Reproduction of the original. The publishing house Megali specialises in reproducing historical works in large print to make reading easier for people with impaired vision.
Author : Chiyo Ishikawa,Seattle Art Museum Publisher : U of Nebraska Press Page : 252 pages File Size : 44,7 Mb Release : 2004-01-01 Category : Art ISBN : 9780803225053
Spain in the Age of Exploration, 1492-1819 by Chiyo Ishikawa,Seattle Art Museum Pdf
This publication accompanies an exhibition of approximately 120 works of art and science loaned mostly from the Royal Collection of Spain (Patrimonio Nacional) to the Seattle Art Museum. Featuring the work of such artists as Bosch, Titian, El Greco, Bernini, Vel¾zquez, Murillo, Zubar¾n, and Goya, this publication includesøpaintings, sculpture, tapestries, scientific instruments, maps, armor, books, and documents. Eight essays provide historical context and artistic explication.

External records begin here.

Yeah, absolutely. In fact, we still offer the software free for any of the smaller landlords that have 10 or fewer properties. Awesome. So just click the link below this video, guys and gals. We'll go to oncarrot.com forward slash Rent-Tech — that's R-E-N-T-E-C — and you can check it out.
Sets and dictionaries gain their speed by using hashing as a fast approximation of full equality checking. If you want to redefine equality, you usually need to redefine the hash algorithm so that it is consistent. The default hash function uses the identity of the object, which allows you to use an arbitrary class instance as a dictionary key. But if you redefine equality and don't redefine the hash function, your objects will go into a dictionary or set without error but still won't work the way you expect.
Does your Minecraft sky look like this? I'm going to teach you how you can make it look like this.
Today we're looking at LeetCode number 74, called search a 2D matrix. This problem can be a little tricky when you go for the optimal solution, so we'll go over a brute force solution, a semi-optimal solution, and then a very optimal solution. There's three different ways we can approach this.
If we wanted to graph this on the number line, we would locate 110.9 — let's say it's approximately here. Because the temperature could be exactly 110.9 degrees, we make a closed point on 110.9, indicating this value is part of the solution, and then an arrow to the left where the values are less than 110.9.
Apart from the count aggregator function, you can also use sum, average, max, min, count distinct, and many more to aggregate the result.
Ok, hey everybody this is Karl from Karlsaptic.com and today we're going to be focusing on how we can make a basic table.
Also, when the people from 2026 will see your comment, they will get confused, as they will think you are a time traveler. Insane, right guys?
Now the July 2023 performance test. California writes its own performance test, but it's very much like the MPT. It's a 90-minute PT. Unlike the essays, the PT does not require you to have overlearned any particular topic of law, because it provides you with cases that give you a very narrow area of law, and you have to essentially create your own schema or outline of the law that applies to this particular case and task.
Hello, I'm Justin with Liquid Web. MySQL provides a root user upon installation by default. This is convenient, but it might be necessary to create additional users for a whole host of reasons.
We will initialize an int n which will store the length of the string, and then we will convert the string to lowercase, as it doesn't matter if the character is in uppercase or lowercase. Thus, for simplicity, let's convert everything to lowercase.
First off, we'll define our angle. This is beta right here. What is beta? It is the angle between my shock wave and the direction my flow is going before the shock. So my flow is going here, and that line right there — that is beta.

Chronologically organized, the book charts the evolution of Spanish attitudes toward knowledge, exploration, and faith during three dynasties of Spain?s golden age, when the fervor for scientific and geographical knowledge coexisted with the expansion of empire and promotion of Christianity. The four themes of the exhibition are: The Image of Empire; Spirituality and Worldliness; Encounters across Cultures; Science and the Court. Spain in the Age of Exploration, 1492?1819, presents art and science from one of the most ambitious, magnificent, and complex enterprises in history.